Crédito fácil muda padrão de consumo e acende alerta para endividamento no Brasil
Cresce o uso de parcelamentos no dia a dia, enquanto especialistas apontam riscos para o orçamento das famílias e impactos na economia.
Postado em 14/05/2026 09:37
O avanço da oferta de crédito no varejo tem transformado o comportamento de consumo no Brasil. Parcelamentos antes restritos a bens de maior valor passaram a fazer parte de compras cotidianas, como supermercado, combustível e farmácia, indicando uma mudança relevante na dinâmica financeira das famílias.
Segundo a socióloga Adriana Marcolino, diretora técnica do Dieese, o crediário vem sendo utilizado não apenas como ferramenta de planejamento, mas como complemento de renda. “Estamos vendo muitas pessoas utilizando o crédito para pagar despesas do orçamento mensal”, afirma.
Esse movimento acende um alerta: o uso recorrente do crédito para despesas básicas pode comprometer a saúde financeira do consumidor e impactar diretamente o nível de endividamento no país.

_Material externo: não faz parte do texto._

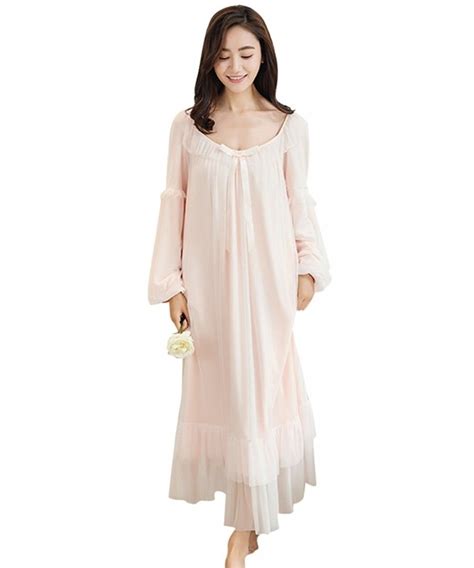 Womens Long Sleeve Vintage Nightgown Victorian Sleepwear Lounge Dress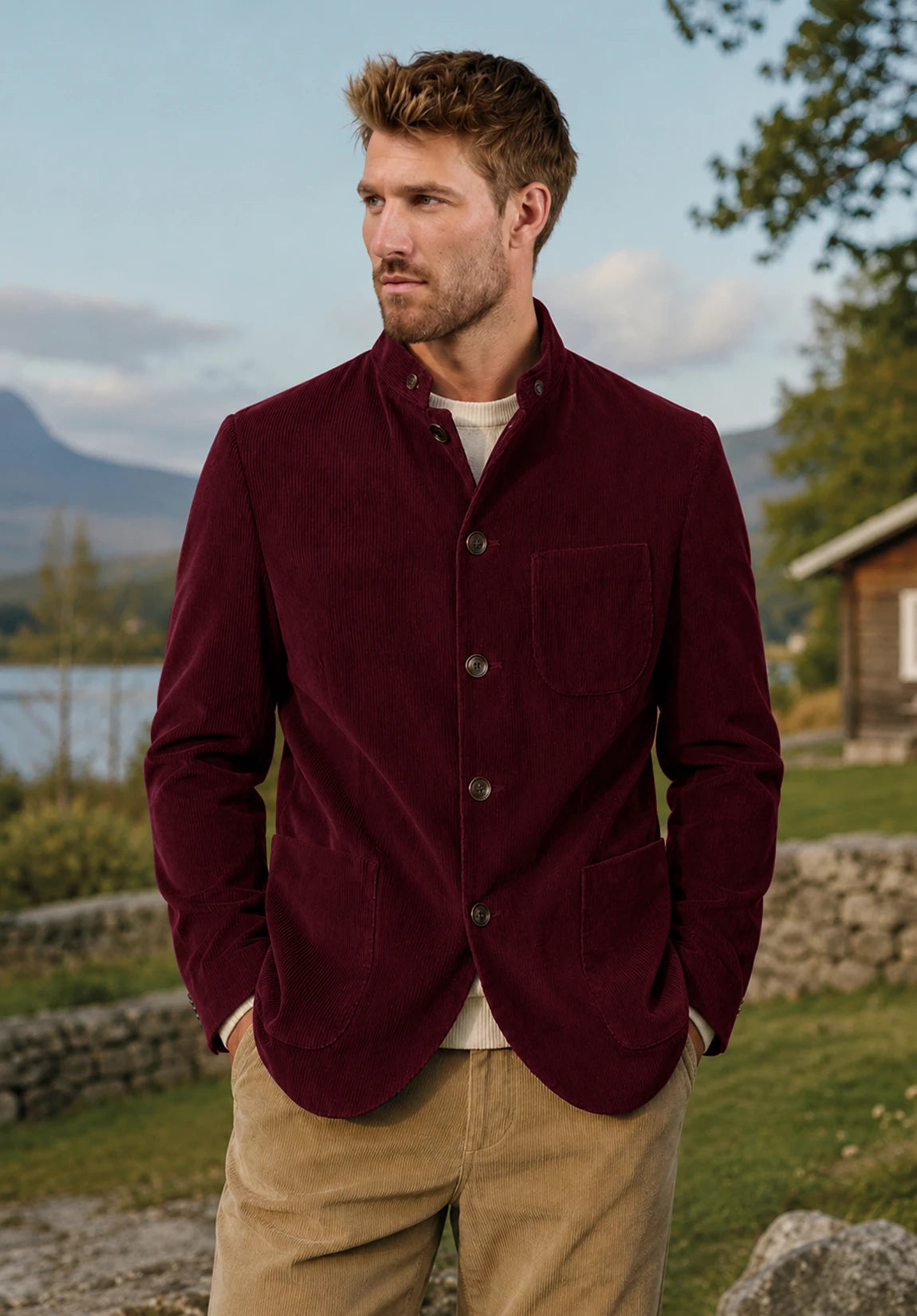 Men's burgundy corduroy jacket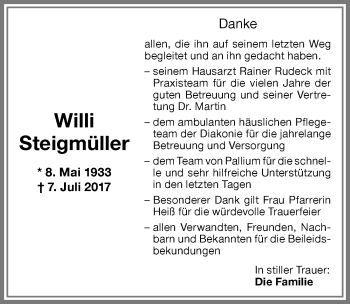 Traueranzeige von Willi Steigmüller von Memminger Zeitung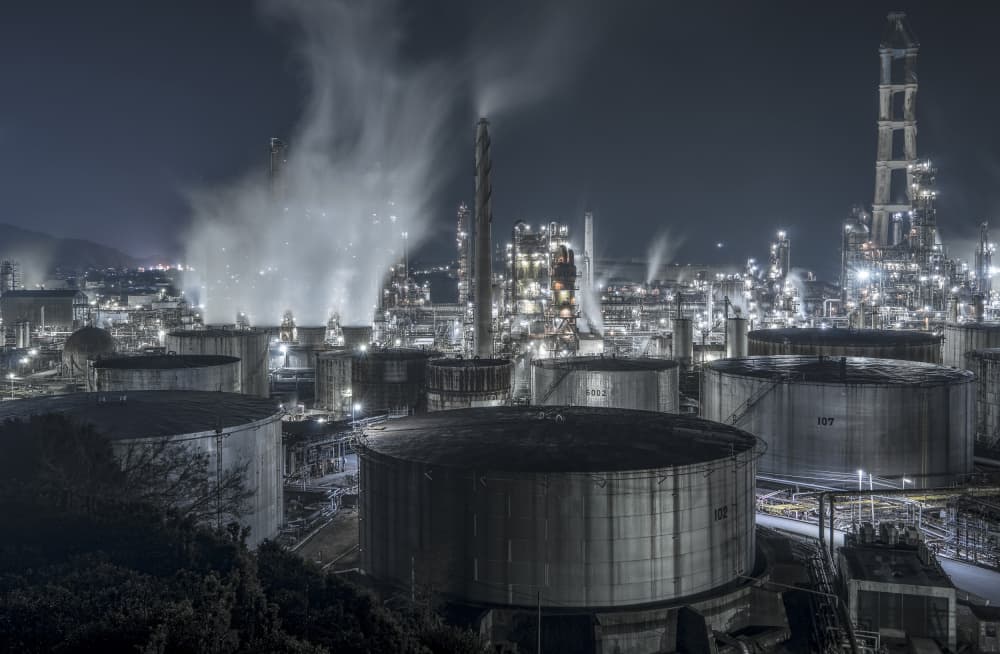 Night Refinery Glow by Tomoshi Hara — canvas wall art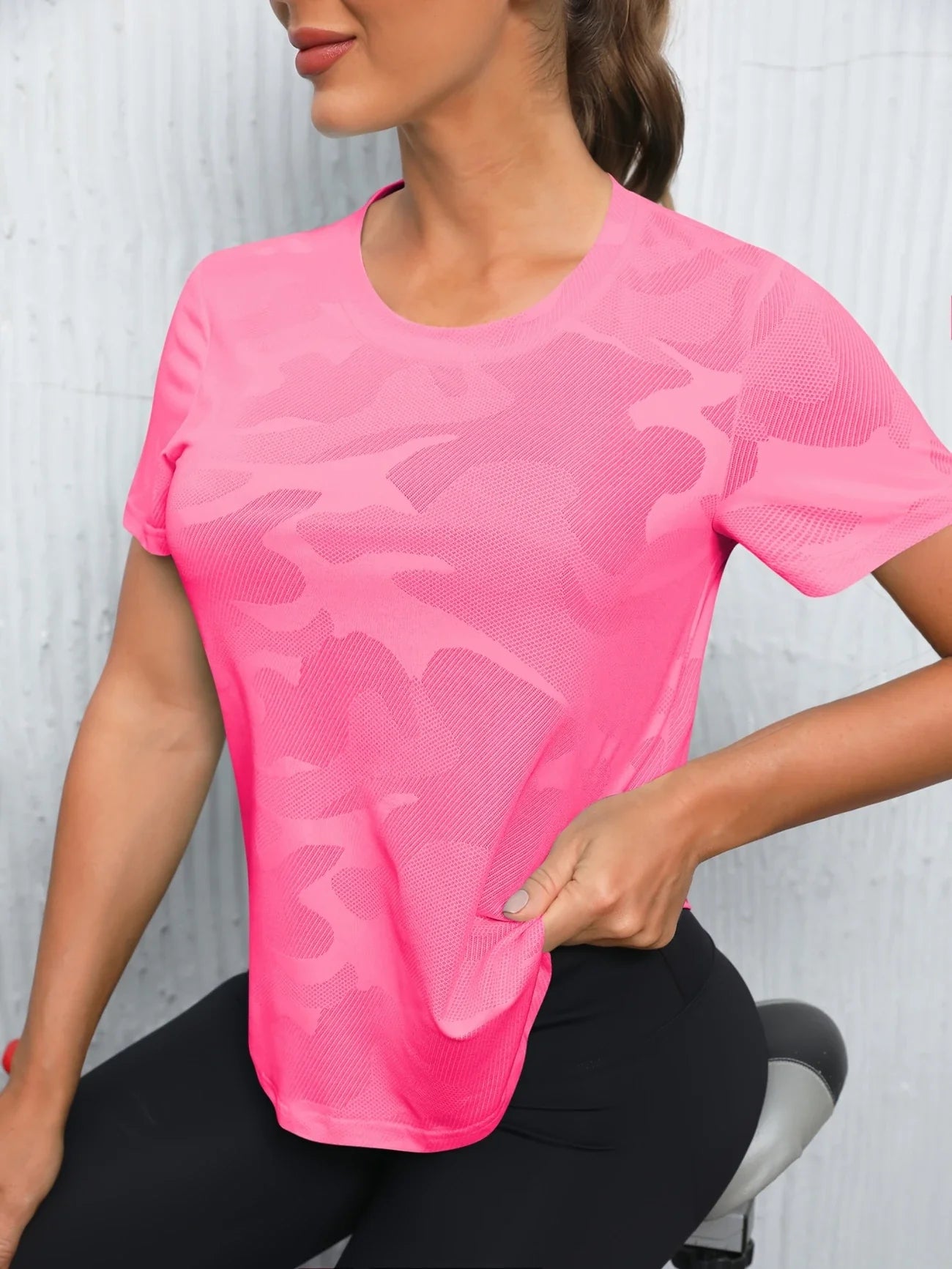 Mariona - Camiseta deportiva de camuflaje para mujer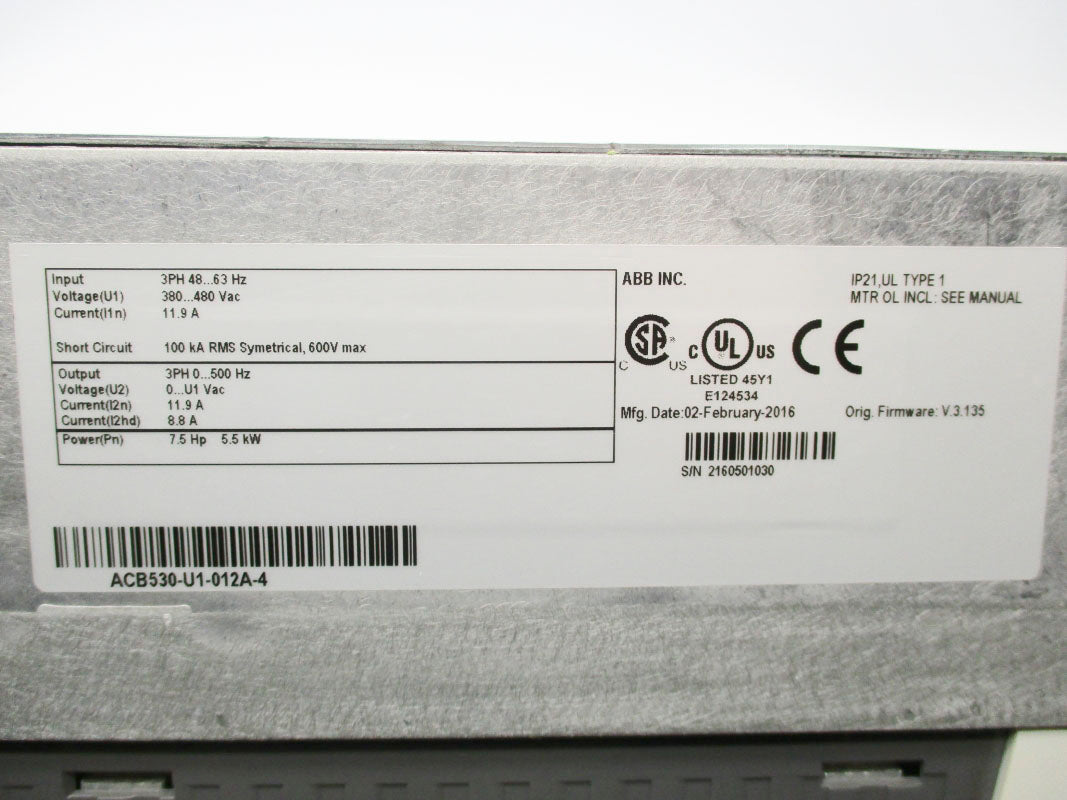 BALDOR ACB530-U1-012A-4 F/W V.3.135 480VAC 11.9A NSNP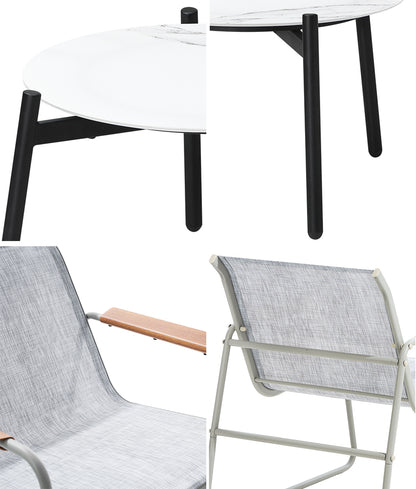 3PCS Outdoor Bistro Set Patio Chair 70cm Grey & WhiteTable Textilene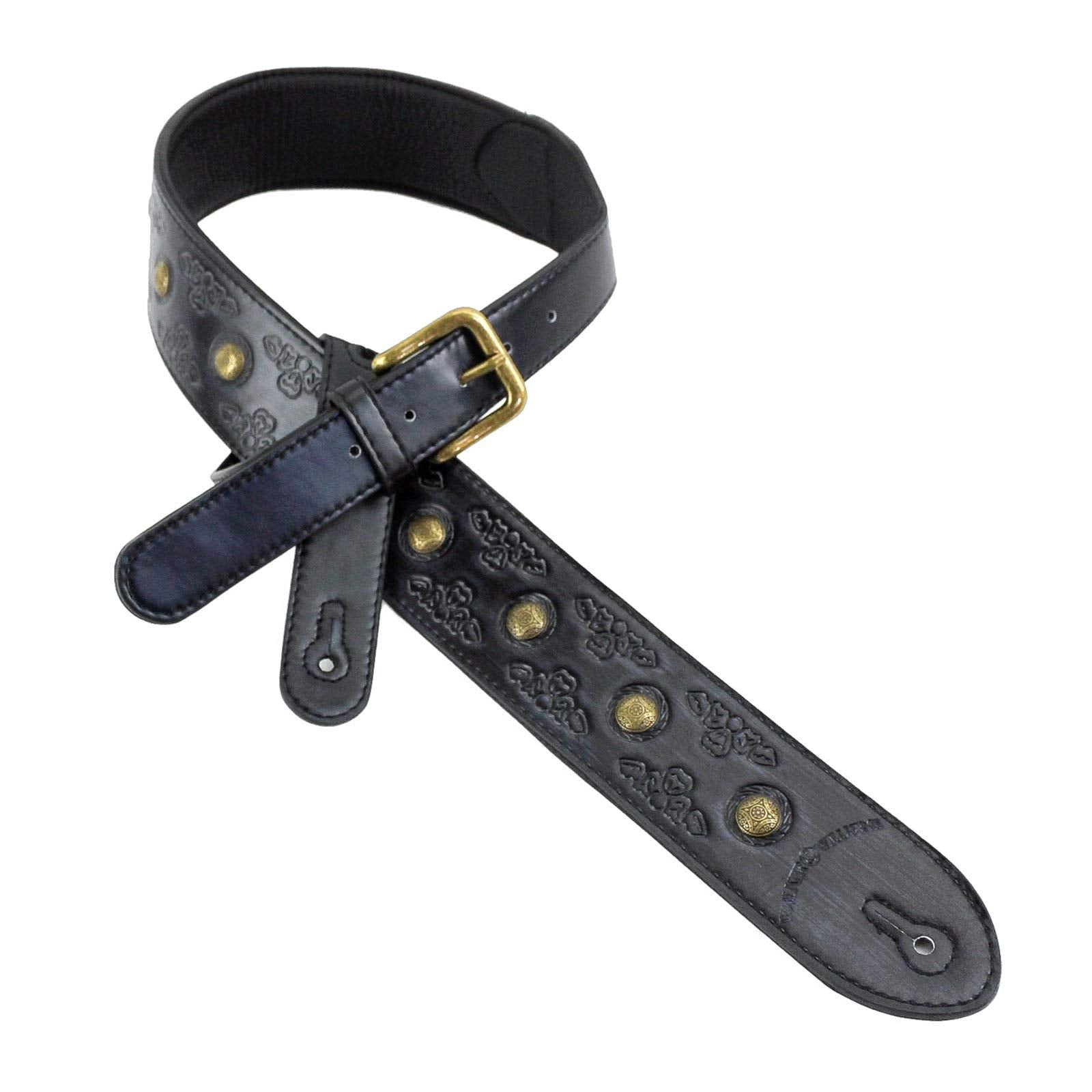 Walker & Williams GE206 Glazed Black Viking Style Guitar Strap with Antiqued Brass Coin Studs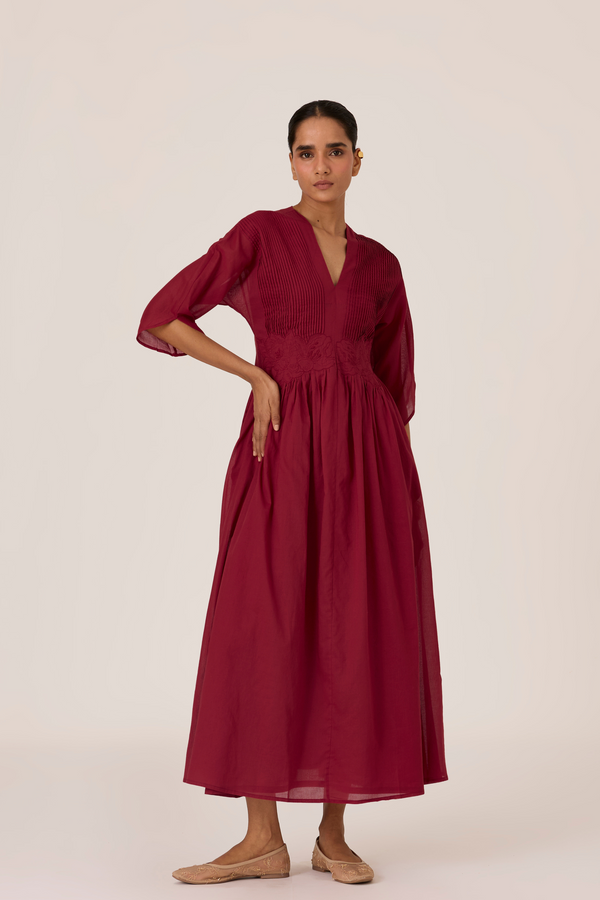 Kamil Cherry Embroidered Maxi Dress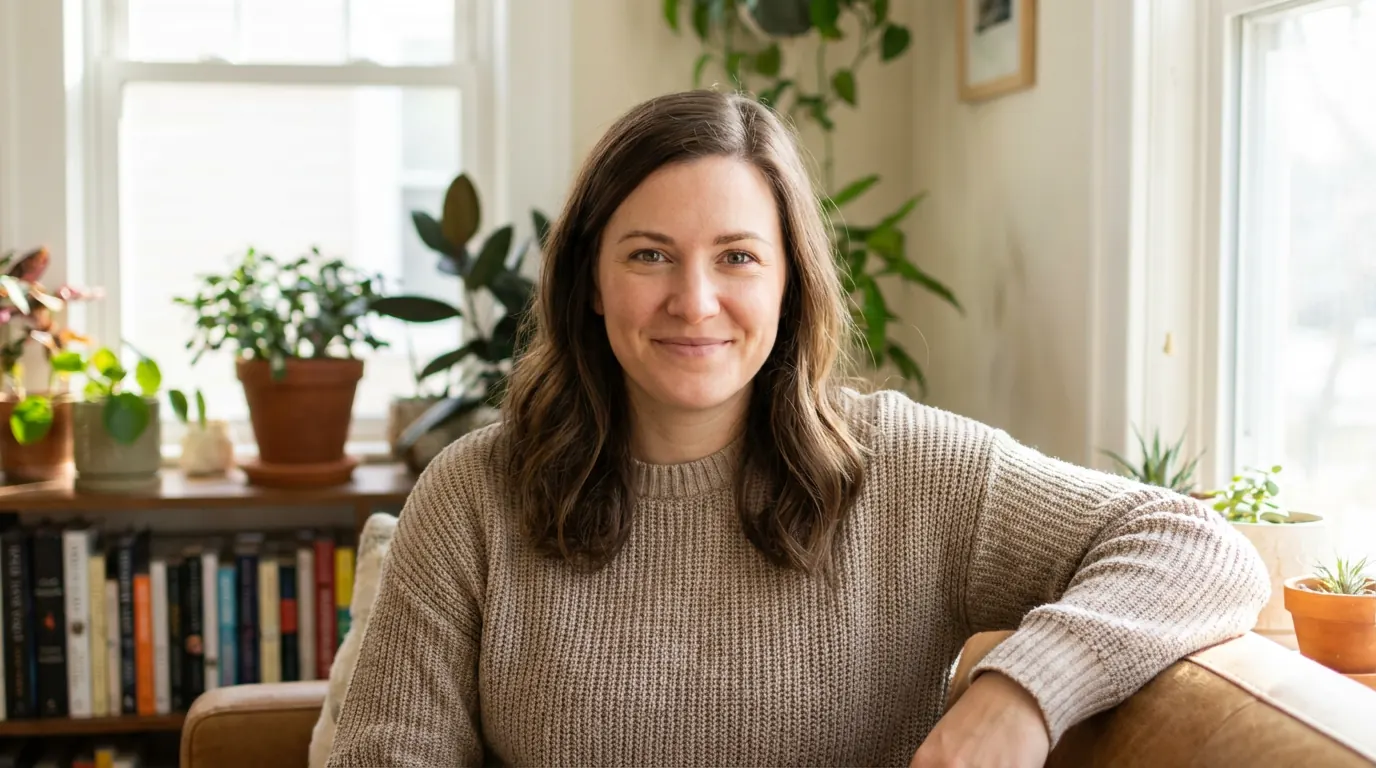 AI portrait of a woman making calm, relaxed eye contact with the camera in a bright living room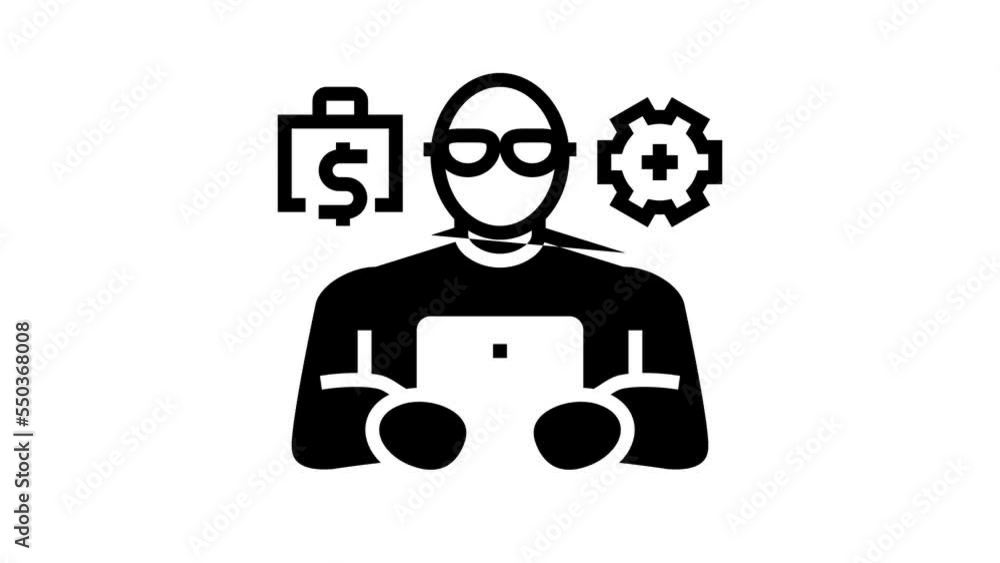 professional organizer line icon animation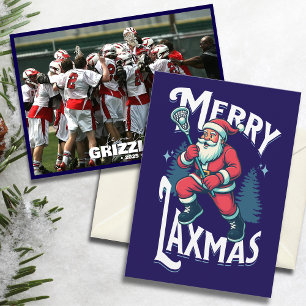 Grappig Merry Laxmas Lacrosse Team Kerst Foto Feestdagenkaart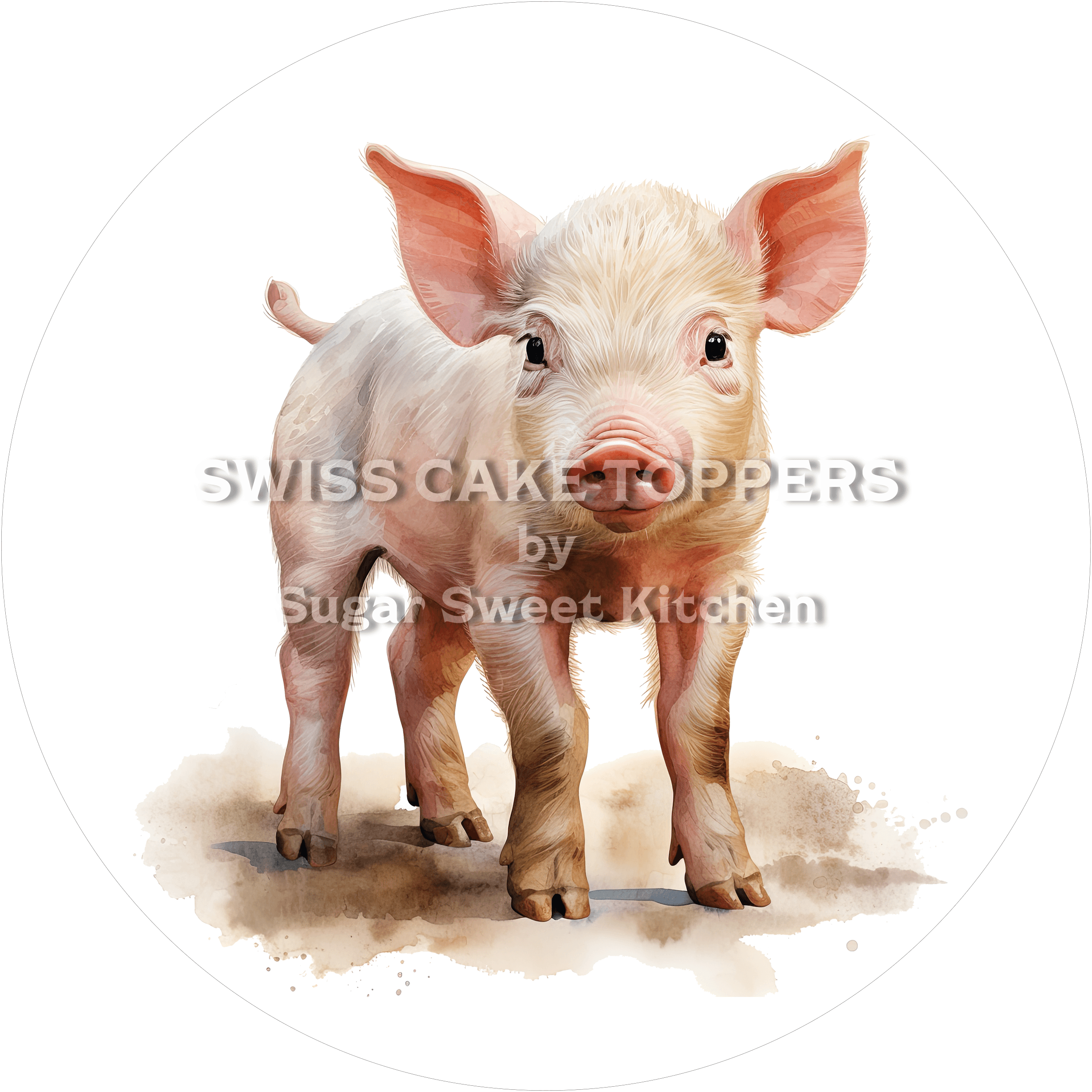 Bezaubernder Schweinchen-Tortenaufleger1 - personalisierbar - Fondant- Torten- & Cupcakeaufleger Sugar Sweet Kitchen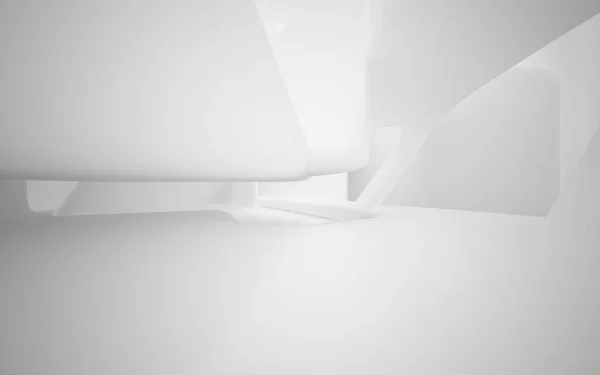 Abstraktní bílý interiér budoucnosti — Stock fotografie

O crédito continua sendo um importante impulsionador da economia, especialmente na aquisição de bens duráveis. No entanto, o uso indiscriminado pode gerar distorções no orçamento das famílias.
Para a economista Katherine Hennings, da Fundação Getulio Vargas (FGV), a facilidade de acesso ao crédito está associada ao aumento da chamada “ansiedade de consumo”.
“O consumidor é constantemente estimulado a antecipar compras, seja pela publicidade tradicional ou pelas redes sociais. O crédito viabiliza esse comportamento, mas muitas vezes sem o devido planejamento”, explica.
Dados recentes mostram a dimensão do problema. Segundo o Banco Central, a inadimplência das famílias soma R$ 238,5 bilhões. Já a Serasa Experian aponta que 81,7 milhões de brasileiros estão inadimplentes, sendo a maioria de baixa renda.
De acordo com o economista Fabio Bentes, da Confederação Nacional do Comércio (CNC), o consumidor ainda prioriza o valor da parcela em vez do custo total da dívida.
“O brasileiro compara preços no momento da compra, mas não faz o mesmo quando assume um financiamento. Isso aumenta o risco de comprometimento excessivo da renda”, destaca.
Outro ponto crítico é a percepção equivocada sobre limites de crédito. Para a economista Isabela Tavares, o cartão de crédito ainda é visto como extensão da renda — o que não corresponde à realidade.
“O limite disponível não representa ganho. Ele precisa ser pago com a renda mensal. Confundir isso é um dos principais fatores de endividamento”, afirma.
Especialistas convergem na necessidade de ampliar a educação financeira como estratégia para reduzir o endividamento estrutural. Iniciativas como plataformas digitais e programas de renegociação ajudam, mas são consideradas soluções de curto prazo.
Para o planejador financeiro Carlos Castro, o desafio é estrutural: “Mais do que renegociar dívidas, é preciso evitar que o consumidor volte ao mesmo ciclo de endividamento”.
O cenário atual revela um paradoxo: enquanto o crédito sustenta o consumo e movimenta a economia, seu uso desorganizado pode comprometer o crescimento sustentável. Para o setor financeiro e o varejo, o desafio está em equilibrar expansão de crédito com responsabilidade e educação do consumidor.